XML Injection Attacks: What to Know About XPath, XQuery, XXE & More
1 Star2 Stars3 Stars4 Stars5 Stars (2 votes, average: 5.00 out of 5)
Loading...

XML Injection Attacks: What to Know About XPath, XQuery, XXE & More

XML injections are exploits of web app vulnerabilities that can have big payouts for cybercriminals — here’s what to know about these attacks and how you can mitigate them

A computer science PhD student named Florian (who goes by the username FHantke) recently shared an accidental XML injection attack discovery on his blog. According to his post, Florian discovered that he could hack Saarland University’s web server using a technique known as XML injection (or an XML injection attack, as it’s sometimes called). By simply removing one number from the applicant ID field, he caused his personally identifying information (PII) to display along with similar data of other users.

But what is an XML injection attack? And what makes this technique such an easy yet often overlooked issue for web app developers?

Let’s hash it out.

What Is XML Injection Attack? XML Attacks Explained

XML injection, sometimes called XML code injection, is a category of vulnerabilities where an application doesn’t correctly validate/sanitize user input before using it in an XML document or query. XML, which stands for extensible markup language, is a language format that’s commonly used for structuring storing data. Having XML injection vulnerabilities within your app means that bad guys will have free rein to cause whatever damage they can to your XML documents.

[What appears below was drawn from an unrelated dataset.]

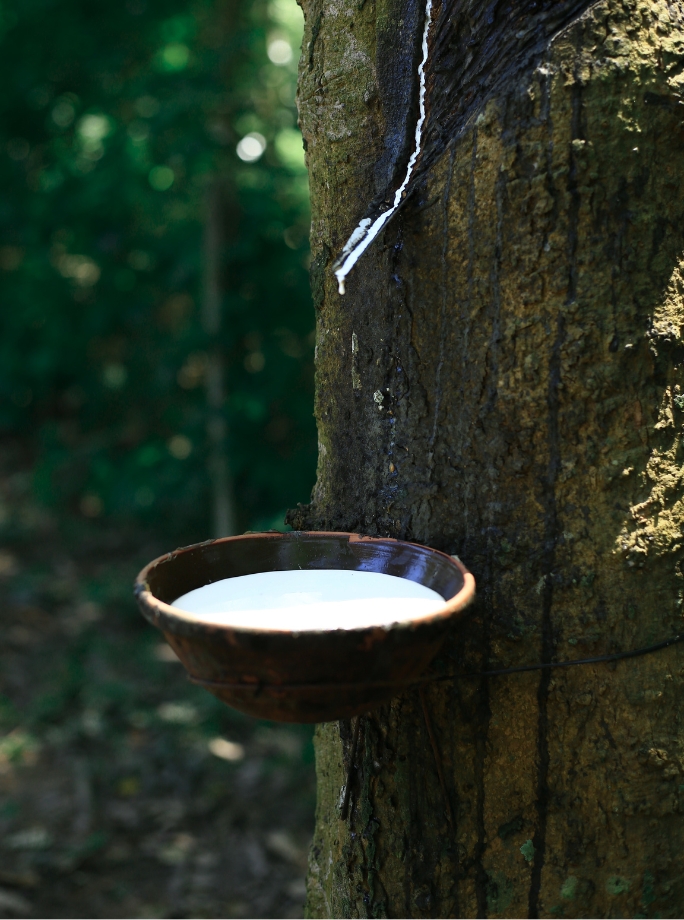 NATURAL RUBBER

XML injections are also a subcategory of injection attacks in general. Bad guys use injection attacks to exploit weaknesses in your applications and front-end services that allow them to deploy malicious payloads and gain access to your sensitive stored data.

XML injections enable unvalidated user data to construct queries that allow an attacker to read or modify XML documents or execute commands in your XML-enabled database. This enables an attacker to get around your application’s front end to gain access to the juicy stored data they seek by taking advantage of vulnerabilities that exist in input fields (e.g., the user’s name, password, and search input fields).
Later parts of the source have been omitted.